AWS Kappa Architecture: A Deep Dive

Most of the Kappa architecture discussion focuses on using Apache tools (e.g. Kafka and Samza), but since my specialty is AWS serverless, I wanted to see how it might be built using the tools I’m familiar with.

I’m relatively new to the also relatively new “Kappa” architecture–first described by Jay Kreps in 2014 and then in Martin Kleppmann’s fascinating talk (highly recommended if you’re new as well)–but the summary of it in my head is: an append-only log is the canonical store, and you build “materialized views” that are read by whatever consumes them.

Putting that into a diagram might look like this:

One moment, rendering graph...

graph LR
    write(Data Writes) --> log
    log(Append-Only Log) --> mv1(View 1)
    log --> mv2(View 2)
    mv1 --> Consumer1
    mv1 --> Consumer2
    mv2 --> Consumer1
    mv2 --> Consumer2

Append-Only Log #

The first thing we need is an append-only database that can trigger changes in “views”, which we’ll think about next.

Since this is the core piece of the kappa architecture, we want something that can scale really fast and really big, that has mult-zone failover, with automatic backups, and the ability to read the whole database easily when creating new materialized views.

To me, this absolutely screams for DynamoDB + Streams, especially with the (sort of recent) ability to export a point-in-time table to S3:

One moment, rendering graph...

graph LR
    Writes --> db[DynamoDB as the log] --> |Stream Trigger| Processor

The writes can come from about anywhere, and of course a Lambda can be triggered from SQS, SNS, etc. and write to DynamoDB.

You can even write from an API Gateway directly to DynamoDB using VTL, saving the cost of a Lambda execution:

One moment, rendering graph...

graph LR
    w(API Gateway) --> v(VTL transform) --> db(DynamoDB)

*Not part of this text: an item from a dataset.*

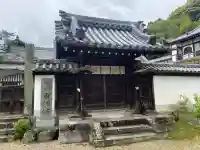 矢田寺南僧坊の{uncategorized: "未分類", other: "その他", undefined: "問題あり", building: "その他建物", grave: "お墓", sacred_gate: "鳥居", guardian: "狛犬", statue: "像", buddha: "仏像", history: "歴史", nature: "自然", garden: "庭園", animal: "動物", pagoda: "塔", temizu: "手水舎", mountain_gate: "山門・神門", sanctuary: "本殿・本堂", subordinate: "末社・摂社", art: "芸術", scenery: "景色", jizo: "地蔵", ema: "絵馬", goshuin: "御朱印", omikuji: "おみくじ", items: "授与品その他", amulet: "お守り", goshuincho: "御朱印帳", eats: "食事", festival: "お祭り", votive_dance: "神楽", shichigosan: "七五三参", wedding: "結婚式", experience: "体験その他", initially: "初詣", around: "周辺", anti_infection: "感染症対策"}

Different business requirements will influence your decision, but for the example architecture in this article, we’ll write to SQS to trigger a Lambda. One advantage here is that you can configure the SQS-triggered-Lambda as the only service with write permissions, setting clear write boundaries:

One moment, rendering graph...

graph LR
    write(SQS:SendMessage) --> lambda
    lambda(Lambda) --> db
    db(DynamoDB as log)

You can have that Lambda do batch processing, to make it faster and cheaper, and you have the option of a strict FIFO (first-in first-out) queue, if needed. I’ve used this SQS->Lambda design in other architectures, and I know it can handle a very substantial write load.

Creating Views #

With the help of DynamoDB Streams, we can now register a processor on the stream to construct a materialized view. In AWS serverless architecture, that’s a simple Lambda integration:

One moment, rendering graph...

graph LR
    db(DynamoDB) --> |Stream| l(Lambda)

Depending on how many views you have, and how complex they are, you could create them in the single Lambda.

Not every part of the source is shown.